In fact you already named the appropriate standard algorithm that can be used in this task. It is std::adjacent_find. For example
#include <iostream>
#include <iomanip>
#include <algorithm>
#include <vector>
int main()
{
std::vector<int> v1 = { 0, 1, 2, 3, 4, 5 };
std::vector<int> v2 = { 3, 5, 2, 1, 4, 0 };
bool result =
std::adjacent_find( v1.begin(), v1.end(),
[&v2]( int x1, int y1 )
{
return std::adjacent_find( v2.begin(), v2.end(),
[=]( int x2, int y2 )
{
return ( x1 == x2 && y1 == y2 || x1 == y2 && y1 == x2 );
} ) != v2.end();
} ) != v1.end();
std::cout << "result = " << std::boolalpha << result << std::endl;
return 0;
}
Here's my attempt at this problem. Quite simply, iterate through a, find the same element in b and then compare the next element in a with the elements before and after our position in b.
If it's a little wordier than it needed to be it was so that this function can be called with any containers. The only requirement is that the containers' iterators have to bidirectional.
#include <vector>
#include <iostream>
#include <algorithm>
#include <list>
using namespace std;
template <class Iter>
pair<Iter, Iter> get_neighbors(Iter begin, Iter current, Iter end)
{
auto p = make_pair(end, next(current));
if(current != begin)
p.first = prev(current);
return p;
}
template <class Iter1, class Iter2>
bool compare_if_valid(Iter1 p1, Iter1 end1, Iter2 p2)
{
return p1 != end1 && *p1 == *p2;
}
template <class C1, class C2>
auto neighbors_match(const C1 & a, const C2 & b) ->
decltype(make_pair(begin(a), begin(b)))
{
for(auto i = begin(a); i != end(a) && next(i) != end(a); ++i)
{
auto pos_in_b = find(begin(b), end(b), *i);
if(pos_in_b != end(b))
{
auto b_neighbors = get_neighbors(begin(b), pos_in_b, end(b));
if(compare_if_valid(b_neighbors.first, end(b), next(i)))
return {i, b_neighbors.first};
else if(compare_if_valid(b_neighbors.second, end(b), next(i)))
return {i, pos_in_b};
}
}
return {end(a), end(b)};
}
int main()
{
vector<int> a = {0, 1, 2, 3, 4, 5};
vector<int> b = {1, 4, 2, 0, 5, 3};
cout << boolalpha << (neighbors_match(a, b).first != a.end()) << endl;
vector<int> a2 = {0, 1, 2, 3, 4, 5};
list<int> b2 = {4, 2, 1, 5, 0, 3};
auto match = neighbors_match(a2, b2);
cout << boolalpha << distance(a2.cbegin(), match.first)
<< ' ' << distance(b2.cbegin(), match.second) << endl;
return 0;
}
First, write a make_paired_range_view which takes a range and returns a range whose iterators return std::tie( *it, *std::next(it) ). boost can help here, as their iterator writing code makes this far less annoying.
Next, unordered_equal takes two pairs and compares them ignoring order (so they are equal if the first both equal and the second both equal, or if the first equals the other second and vice versa).

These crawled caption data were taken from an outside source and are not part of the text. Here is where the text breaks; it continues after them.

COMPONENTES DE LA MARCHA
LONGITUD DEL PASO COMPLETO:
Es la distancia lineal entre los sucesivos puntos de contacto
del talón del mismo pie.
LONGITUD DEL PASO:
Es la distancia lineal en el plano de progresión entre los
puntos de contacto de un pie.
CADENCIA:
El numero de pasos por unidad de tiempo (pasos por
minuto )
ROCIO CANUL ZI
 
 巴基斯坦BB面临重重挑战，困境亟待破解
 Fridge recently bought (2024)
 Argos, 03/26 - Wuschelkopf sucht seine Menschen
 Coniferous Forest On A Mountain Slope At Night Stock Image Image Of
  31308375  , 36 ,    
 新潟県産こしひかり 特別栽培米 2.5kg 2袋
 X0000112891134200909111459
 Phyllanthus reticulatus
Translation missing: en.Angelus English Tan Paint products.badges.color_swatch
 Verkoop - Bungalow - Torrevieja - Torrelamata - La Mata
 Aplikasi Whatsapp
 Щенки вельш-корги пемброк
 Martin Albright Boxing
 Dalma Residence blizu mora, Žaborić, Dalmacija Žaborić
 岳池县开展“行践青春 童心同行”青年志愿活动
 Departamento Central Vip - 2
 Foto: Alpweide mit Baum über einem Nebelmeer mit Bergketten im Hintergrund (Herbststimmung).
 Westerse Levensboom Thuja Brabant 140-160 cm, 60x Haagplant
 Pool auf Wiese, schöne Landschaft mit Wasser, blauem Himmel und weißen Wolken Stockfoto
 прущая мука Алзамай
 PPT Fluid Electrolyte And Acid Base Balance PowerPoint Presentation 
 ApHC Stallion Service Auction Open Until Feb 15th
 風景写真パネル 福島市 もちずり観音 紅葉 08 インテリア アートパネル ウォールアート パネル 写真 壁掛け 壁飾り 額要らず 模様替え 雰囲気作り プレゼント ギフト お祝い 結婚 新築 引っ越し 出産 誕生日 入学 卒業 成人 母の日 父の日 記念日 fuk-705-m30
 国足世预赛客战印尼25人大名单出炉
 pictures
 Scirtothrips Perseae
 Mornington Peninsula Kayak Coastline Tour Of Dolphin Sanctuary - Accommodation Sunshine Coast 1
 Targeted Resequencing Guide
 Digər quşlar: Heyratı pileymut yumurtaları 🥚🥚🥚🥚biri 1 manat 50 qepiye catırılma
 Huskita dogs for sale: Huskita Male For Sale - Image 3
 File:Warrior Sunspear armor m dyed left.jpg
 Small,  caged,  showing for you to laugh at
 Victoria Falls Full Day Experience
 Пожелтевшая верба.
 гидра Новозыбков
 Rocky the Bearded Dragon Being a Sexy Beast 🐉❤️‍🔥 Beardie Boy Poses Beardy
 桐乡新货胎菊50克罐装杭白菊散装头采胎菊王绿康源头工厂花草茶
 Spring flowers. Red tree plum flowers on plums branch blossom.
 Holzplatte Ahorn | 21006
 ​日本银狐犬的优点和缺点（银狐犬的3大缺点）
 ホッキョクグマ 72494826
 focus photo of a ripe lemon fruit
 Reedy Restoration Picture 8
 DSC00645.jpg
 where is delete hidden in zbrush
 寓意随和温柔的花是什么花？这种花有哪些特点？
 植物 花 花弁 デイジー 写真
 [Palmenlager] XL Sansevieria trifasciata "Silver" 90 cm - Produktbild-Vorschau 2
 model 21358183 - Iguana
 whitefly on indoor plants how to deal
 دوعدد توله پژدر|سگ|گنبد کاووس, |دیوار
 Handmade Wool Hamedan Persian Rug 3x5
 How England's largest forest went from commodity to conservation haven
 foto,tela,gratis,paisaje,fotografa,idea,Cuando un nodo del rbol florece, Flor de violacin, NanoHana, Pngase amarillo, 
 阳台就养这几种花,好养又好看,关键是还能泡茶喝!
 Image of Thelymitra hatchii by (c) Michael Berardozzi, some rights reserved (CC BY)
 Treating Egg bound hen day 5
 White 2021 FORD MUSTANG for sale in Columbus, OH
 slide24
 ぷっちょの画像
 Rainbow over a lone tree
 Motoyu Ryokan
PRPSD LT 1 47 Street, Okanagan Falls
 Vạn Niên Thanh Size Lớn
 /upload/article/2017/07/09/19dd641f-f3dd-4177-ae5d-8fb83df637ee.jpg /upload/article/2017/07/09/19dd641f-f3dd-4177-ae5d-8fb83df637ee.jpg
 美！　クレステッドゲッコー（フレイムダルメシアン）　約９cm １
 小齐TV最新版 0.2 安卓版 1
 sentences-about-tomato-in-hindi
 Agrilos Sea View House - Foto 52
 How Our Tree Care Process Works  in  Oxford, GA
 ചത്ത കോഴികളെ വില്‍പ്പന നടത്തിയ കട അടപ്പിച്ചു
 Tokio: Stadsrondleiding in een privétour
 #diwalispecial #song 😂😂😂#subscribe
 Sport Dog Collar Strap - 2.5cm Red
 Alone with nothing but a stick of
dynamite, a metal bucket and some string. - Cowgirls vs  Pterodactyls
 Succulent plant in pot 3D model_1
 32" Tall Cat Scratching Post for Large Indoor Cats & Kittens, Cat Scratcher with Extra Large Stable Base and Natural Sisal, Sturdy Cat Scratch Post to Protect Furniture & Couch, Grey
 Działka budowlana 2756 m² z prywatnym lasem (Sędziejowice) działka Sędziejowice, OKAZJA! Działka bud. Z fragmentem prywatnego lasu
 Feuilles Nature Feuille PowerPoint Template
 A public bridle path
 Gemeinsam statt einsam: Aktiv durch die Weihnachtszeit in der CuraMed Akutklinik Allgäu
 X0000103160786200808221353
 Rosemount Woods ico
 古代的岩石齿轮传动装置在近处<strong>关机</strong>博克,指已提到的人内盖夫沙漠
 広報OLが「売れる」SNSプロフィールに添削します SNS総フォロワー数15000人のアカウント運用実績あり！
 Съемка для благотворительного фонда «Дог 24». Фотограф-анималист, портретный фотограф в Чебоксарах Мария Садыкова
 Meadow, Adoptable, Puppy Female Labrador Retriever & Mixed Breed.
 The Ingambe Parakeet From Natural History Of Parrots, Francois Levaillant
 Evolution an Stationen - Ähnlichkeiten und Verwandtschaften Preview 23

Now we look for each of the left hand side's pairs in the right hand side using unordered_equal.
This has the advantage of taking 0 extra memory, but the disadvantage of O(n^2) time.
If we care more about time than memory, we can instead shove the pairs above into an unordered_set after sorting the pair to be in a canonical order. We then to through the second container, testing each pair (after sorting) to see if it is in the unordered_set. This takes O(n) extra memory, but runs in O(n) time. It can also be done without fancy dancy vector and range writing.
If the elements are more expensive than int, you can write a custom pseudo_pair that holds pointers and whose hash and equality is based on the content of the pointers.
An interesting "how would you do it..." problem... :-) It got me to take a 15 minute break from slapping edit boxes and combo boxes on forms and do a bit of programming for a change... LOL
So, here's how I think I'd do it...
First I'd define a concept of an edge as a pair of values (pair of ints - following your original example). I realize your example is just a simplification and you're actually using vectors of your own classes (Point* rather than int?) but it should be trivial to template-ize this code and use any type you want...
#include <stdlib.h>
#include <iostream>
#include <vector>
#include <set>
#include <vector>
using namespace std;
typedef pair<int, int> edge;
Then I would create a set class that will keep its elements (edges) ordered in the way we need (by comparing edges in the order insensitive manner - i.e. if e1.first==e2.first and e1.second==e2.second then edges e1 and e2 are the same, but they are also same if e1.first==e2.second and e1.second==e2.first). For this, we could create a functional:
struct order_insensitive_pair_less
{
bool operator() (const edge& e1, const edge& e2) const
{
if(min(e1.first,e1.second)<min(e2.first,e2.second)) return true;
else if(min(e1.first,e1.second)>min(e2.first,e2.second)) return false;
else return(max(e1.first,e1.second)<max(e2.first,e2.second));
}
};
Finally, our helper class (call it edge_set) would be a simple derivative of a set ordered using the above functional with a couple of convenience methods added - a constructor that populates the set from a vector (or your Face class in practice) and a tester function (bool shares_edge(const vector&v)) that tells us whether or not the set shares an edge with another. So:
struct edge_set : public set<edge, order_insensitive_pair_less>
{
edge_set(const vector<int>&v);
bool shares_edge(const vector<int>&v);
};
Implemented as:
edge_set::edge_set(const std::vector<int>&v) : set<edge, order_insensitive_pair_less>()
{
if(v.size()<2) return; // assume there must be at least 2 elements in the vector since it is supposed to be a list of edges...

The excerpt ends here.